If you’ve made your own funeral and cemetery arrangements in advance, you know the relief you’ll provide your loved ones in the future. But how can you inform them of your plans without upsetting them by contemplating your death? Or, how can you let a loved one know that you’d like them to consider their own funeral and cemetery arrangements and share their plans with you?
These conversations might seem tough to have, but they don’t need to be. What’s most important is that you have the conversation, not how you have it.
There are many different ways to begin the advance planning conversation. You know your family and how your loved ones might best respond to the topic. For some families, it might be a casual conversation over dinner or another family gathering. For other families, a formal meeting might be better suited.
Regardless of your approach, the conversation is much easier to have when death is not imminent. Bringing up the subject with loved ones earlier in life makes the topic easier to discuss and keeps the focus on the celebration of life rather than an impending loss.

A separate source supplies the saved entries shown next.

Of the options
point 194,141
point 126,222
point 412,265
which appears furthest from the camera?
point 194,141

Here are some tips that may help you start the advance planning conversation with your loved ones:
- Set a time to have the conversation. Schedule it as an appointment with your loved ones, whether you want to share your plans with them or ask them to make their plans to share with you.

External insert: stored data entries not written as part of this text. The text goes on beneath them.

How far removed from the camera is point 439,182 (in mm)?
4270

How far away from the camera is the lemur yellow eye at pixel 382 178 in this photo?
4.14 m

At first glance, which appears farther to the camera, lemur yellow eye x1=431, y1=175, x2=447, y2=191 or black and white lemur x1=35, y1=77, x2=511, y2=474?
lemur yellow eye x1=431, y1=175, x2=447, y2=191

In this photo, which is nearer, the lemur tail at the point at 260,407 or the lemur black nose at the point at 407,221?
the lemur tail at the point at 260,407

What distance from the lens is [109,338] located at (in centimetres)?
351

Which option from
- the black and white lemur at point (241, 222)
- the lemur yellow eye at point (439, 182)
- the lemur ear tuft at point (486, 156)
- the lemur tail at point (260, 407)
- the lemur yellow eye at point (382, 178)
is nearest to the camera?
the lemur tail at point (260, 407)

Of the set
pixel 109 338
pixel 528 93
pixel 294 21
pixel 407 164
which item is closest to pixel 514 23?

- Tell your parent or loved one that you want to ensure their final arrangements are done according to their wishes, and you need their help to make that happen.
- Use the Personal Planning Guide offered by Geo. H. Lewis & Sons. If you are planning your own arrangements, complete the guide and present it to your loved ones. If you are encouraging others to plan, present the guide to them and work through it together.
- Ease into the conversation. Questions such as “Have you ever thought about where you would like to be buried?” or “What type of funeral would you like to have?” may open the discussion to more details about your loved one’s wishes.
- Take advantage of funeral-related opportunities. Attending the funeral of a friend, family member or colleague or watching a movie or television show with funeral scenes may naturally prompt the discussion with your own loved ones. Talk about what you liked or didn’t like about the services you saw or attended.
- Tell your children or loved ones that because you care for them so much, you don’t want to burden them with difficult decisions when you’re gone. Tell them you’ve made your own final arrangements, and give them a written record of what they are.
- After you’ve made your funeral and cemetery plans with us, wrap a copy of your contract and wishes in a gift box, and present it to your children.
- Make it a family affair. Schedule an appointment with us and invite your children along to participate in the selection of services, funeral merchandise and cemetery property.
Whether you’re sharing plans for your own final arrangements with loved ones, or encouraging loved ones to make and share their plans with you, the conversation about advance planning is an important one that every family should have. While no one wants to think about their death or the death of a loved one any sooner than they must, having the conversation in advance alleviates the need for potentially more unpleasant or difficult conversations in the future.